Nor could Dragna show a joint venture between the collective KLLM entities and A&Z. BASF’s contract was with KLLM Transport; and A&Z’s was with KLLM Logistics. Both contracts pertained only to the parties to them, and again, the brokerage agreement specified that A&Z was an independent contractor. Moreover, it said nothing about risk or profit sharing, both essential elements of a joint venture, instead providing that A&Z must indemnify the broker for accident-related claims.
Lastly, no evidence suggested KLLM Transport negligently hired A&Z, if it could be said that it “hired” the trucker at all. The broker had run a Carrier411 check, which provides thorough carrier information. True, KLLM Logistics learned through that check that A&Z was “unrated” by FMCSA, but a carrier isn’t disqualified, or presumed to be unreliable, just because it isn’t rated. Dragna will have to pursue his claim against the parties that might bear responsibility, and therefore liability, for his losses.
Because a Shipper Has No Duty to Truck Driver to Properly Load and Secure Freight, It Can’t Be Liable for Accident
Patton v. Nissan North America, Inc., 2015 WL 859056 (S.D. Miss. 2015)
Shipper Nissan North America booked a load with motor carrier Specialized Transportation Services (STS), and loaded its cargo into the STS trailer. En route within Mississippi, the trailer overturned, injuring driver Patton. Patton sued Nissan in the U.S. District Court for the Southern District of Mississippi, alleging negligence theories.
Nissan moved for summary judgment, arguing that it had no duty to the driver regarding cargo securement and, in any event, no evidence proved that cargo loading caused the accident.
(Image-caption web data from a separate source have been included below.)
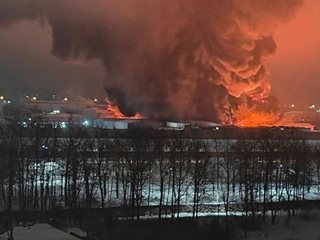 Потушен е пожарът в цехa за aцетон в руската Ленинградска област (Видео)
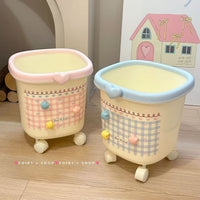 Sweet Girl Large Capacity Trash Can with Wheels, High-Value Household Waste Bin for Living Room, Movable Ins Style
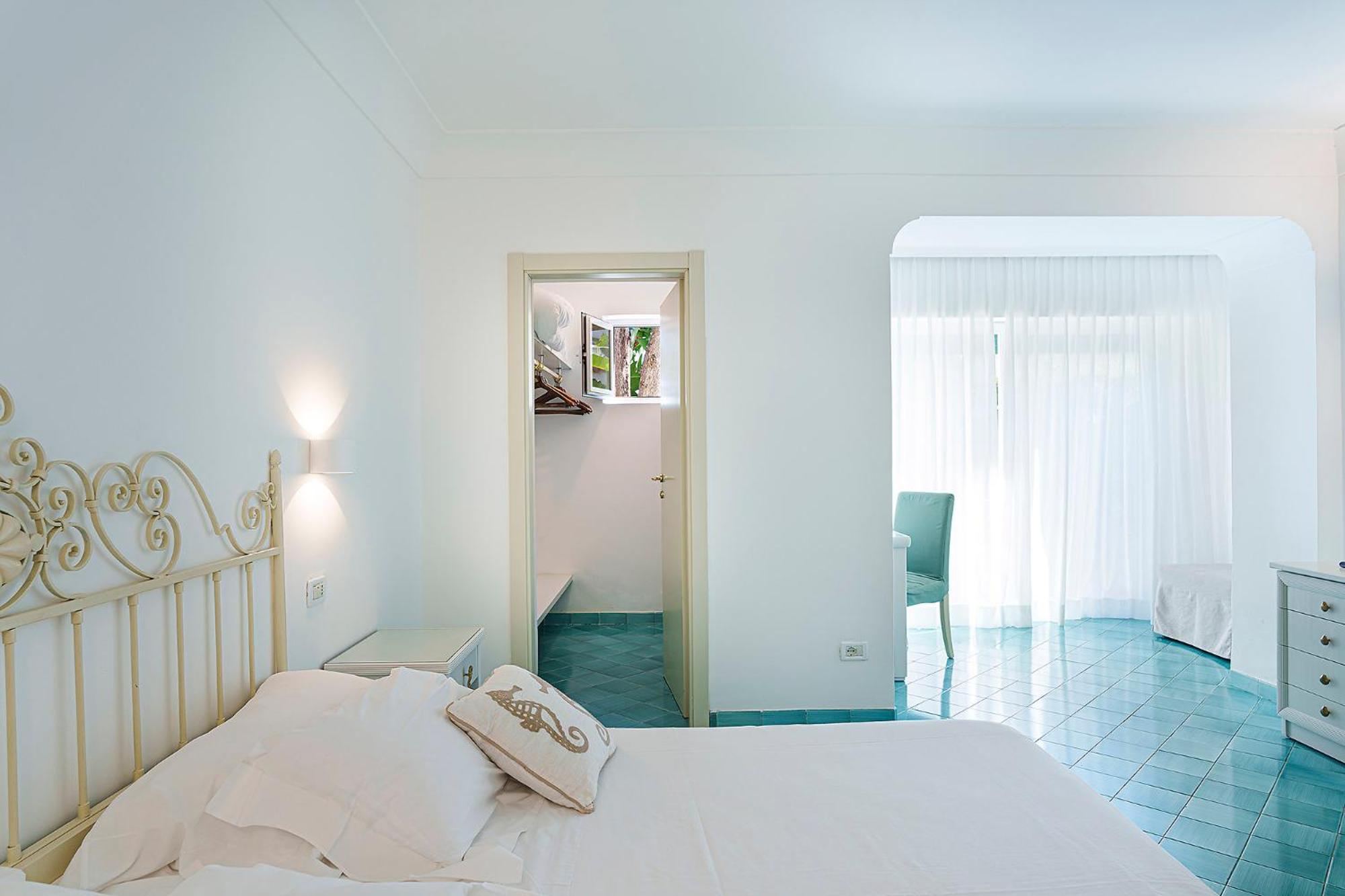 Double or Twin Room Garden View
The court agreed on both counts and dismissed the lawsuit.
Generally, per federal and Mississippi trucking regs, cargo loading and securement is solely the carrier’s responsibility. Shippers that load their own freight can be potentially liable only if they do so in an unsafe manner that is latent, i.e., that the carrier couldn’t have found anything wrong with a reasonable look-see. That wasn’t the case here.
Duties can arise if a shipper undertakes loading tasks, or gratuitously promises to do so, and then improperly secures the load. But that wasn’t the case here either, and the Nissan-STS contract didn’t get into any such duties or promises. True, the STS Drivers Manual specifies that company drivers shouldn’t load cargo, but Nissan wasn’t a party to that document or bound by it. Nor did the STS bill of lading’s language about a shipper submitting cargo in proper condition change the equation, as it didn’t address cargo loading. The cargo’s “condition” was fine.
Add to that the absence of any evidence that a load shift actually caused the accident, and Patton’s claim against Nissan was tossed out of court. This case demonstrates the rationale behind the strong judicial inclination to hold carriers responsible for cargo loading.